|Great work ethic, but not the guy to run the play|
When I think back on Republican gubernatorial candidate Chris Dudley's career as a Portland Trailblazer, I remember him being a good guy both on and off the court. He certainly wasn't a big scorer; he was a very bad free-throw shooter and his ball-handling skills were negligible (to say the least). But, he was a good defender and rebounder, and he had a great work ethic.
Since that time, Dudley has also proved to be a man of fine character in his prominent role in the community. He's a well-known philanthropist who has done much for diabetic kids with his Chris Dudley Foundation. In short, Chris Dudley is a good guy.
And that's why I'm so sad to see him running for Governor of Oregon as a Republican. 'Cause once you get that GOP stink on your hands, it's gonna be with ya for a while. (Just ask Gordon Smith.)
It is disappointing to see Dudley getting mixed up with the Republican party. But there is no denying that he's going all the way with it. His campaign ads are standard GOP drivel: tax cuts for businesses, fiscal austerity, yadda, yadda, yadda. Willamette Week reported last December that Dudley, before he had publicly announced his intention to run, hired two big time GOP operatives to help him with his campaign. Quoting Willie Week:
Dudley’s campaign manager is Chris Gulugian-Taylor, the former head of the Nevada GOP and in 2008, the Republican National Committee’s state director for Washington.Those are some relatively Big Guns for little ol' Oregon. By hiring two Republican operatives with national prominence and adhering to the GOP boilerplate for his campaign, Dudley appears to be hoping to associate himself with some "national movement" toward Republicans this November. He apparently aims to come riding in on some national anti-Obama backlash. There are certainly many in the national media who anticipate something of the kind. (Personally, I have my doubts.)
Dudley has also brought in Brittany Bramell, who served as spokewoman for New Jersey governor-elect Chris Christie, who defeated incumbent Democrat Jon Corzine last month. --Willamette Week, December 9, 2009
But Dudley's decision to run his campaign by following the advice of national Republican operatives seems clumsy and politically tone-deaf with respect to Oregon and Oregonians. Then again, Dudley has little to choose from if he's looking for help from Oregon Republicans. The GOP is effectively dead in this state.
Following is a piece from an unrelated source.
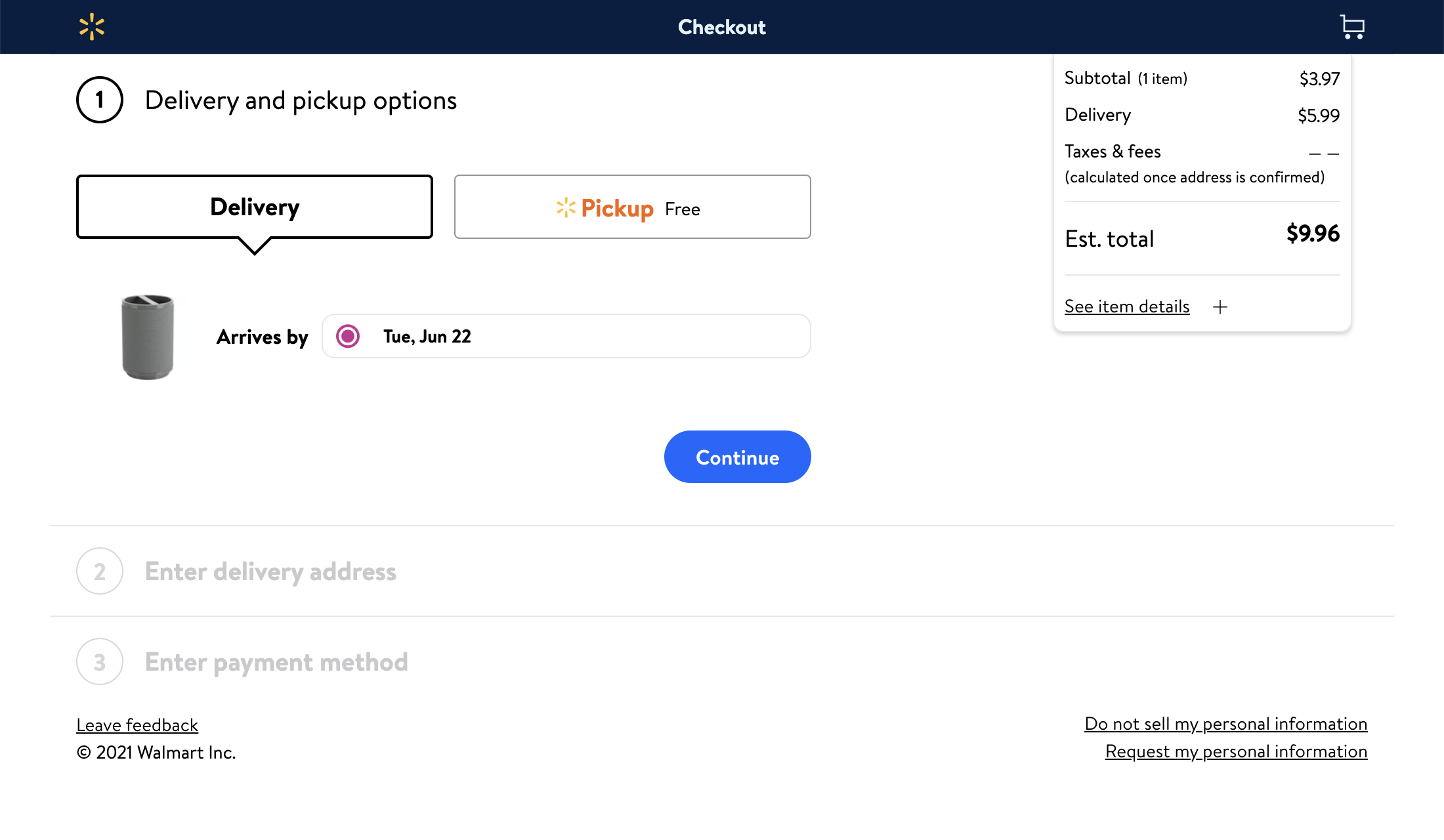 Desktop screenshot of Walmart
Remember the great Republican leaders in Oregon's history? They have very little in common with the neo-Confederates and Bible-thumping hypocrites leading today's national GOP. How would Tom McCall, Vic Atiyeh, or Mark Hatfield fare in the post-Junior Bush Republican party?
No, I'm afraid today's national Republican party has almost nothing in common with the Oregon Republican party that dominated state politics through much of the 70s and 80s. To see how far the GOP has fallen in Oregon, consider: Oregon has not had a Republican governor since 1987. The state has not voted for the Republican candidate for President since 1984. Both US Senators are Democrats. Four of five congressional representatives are Democrats. Both houses of the state legislature are controlled by Democrats. Oregon is as blue as it gets.
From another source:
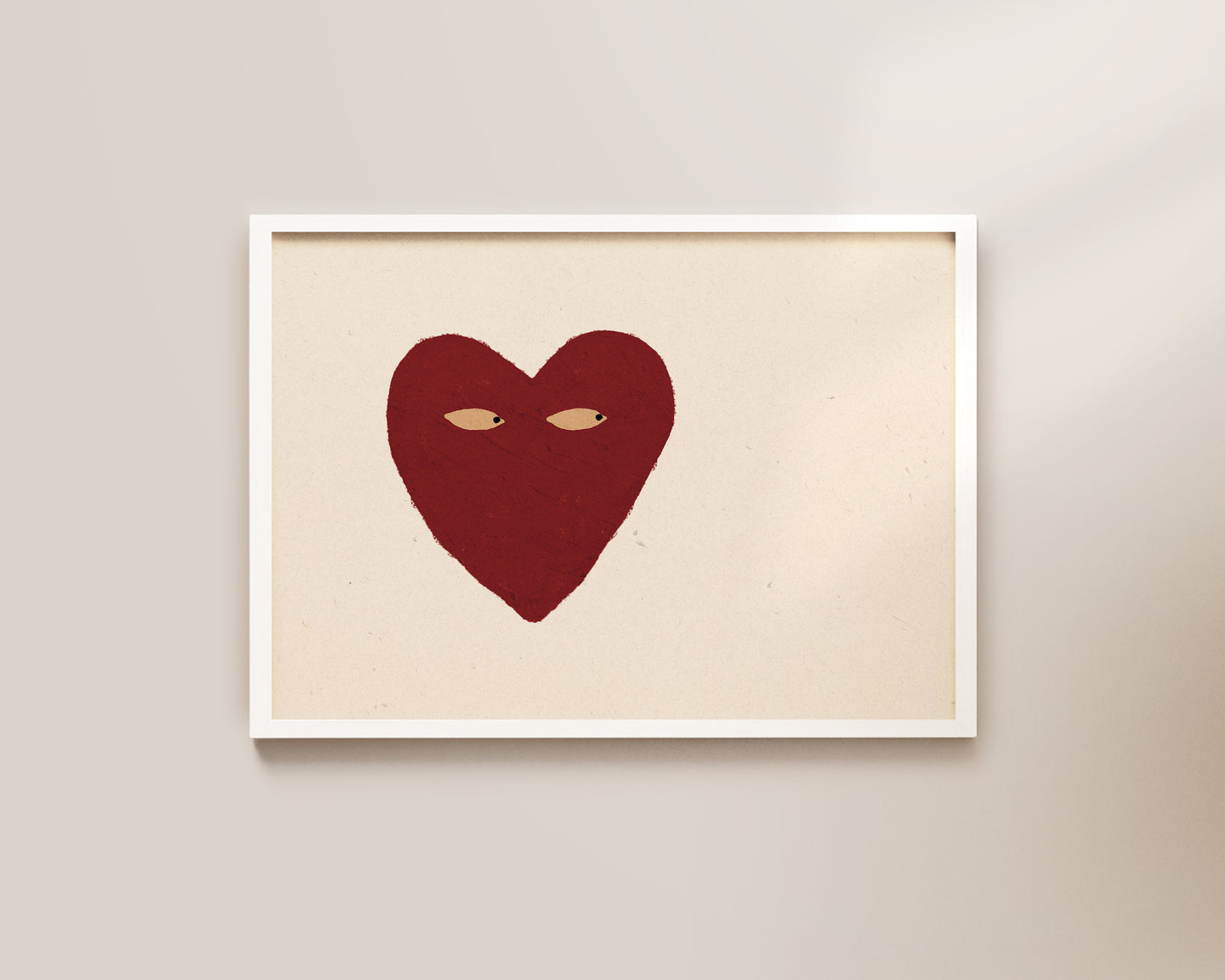 Love Heart Side Eye Art Wall Art Print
And yet, Chris Dudley imagines that the way to the governor's mansion is by hooking up with the toxic schmucks that Oregonians so universally reject.
It's a poor decision. A brain hiccup. To put it in perspective, imagine Chris Dudley, back in his days as a Trailblazer. He has the ball at the top of the key. One point down, two on the clock. He sees an open Clyde Drexler streaking down the baseline! He motions as if to pass, and then --to the appalled horror of Blazer fans everywhere --he puts the ball on the floor and drives for the hoop!
It's that kind of a decision.
I'm not going to hold it against him, personally. Like I said before, Chris Dudley is a good guy.
But I sure as hell ain't gonna vote for him!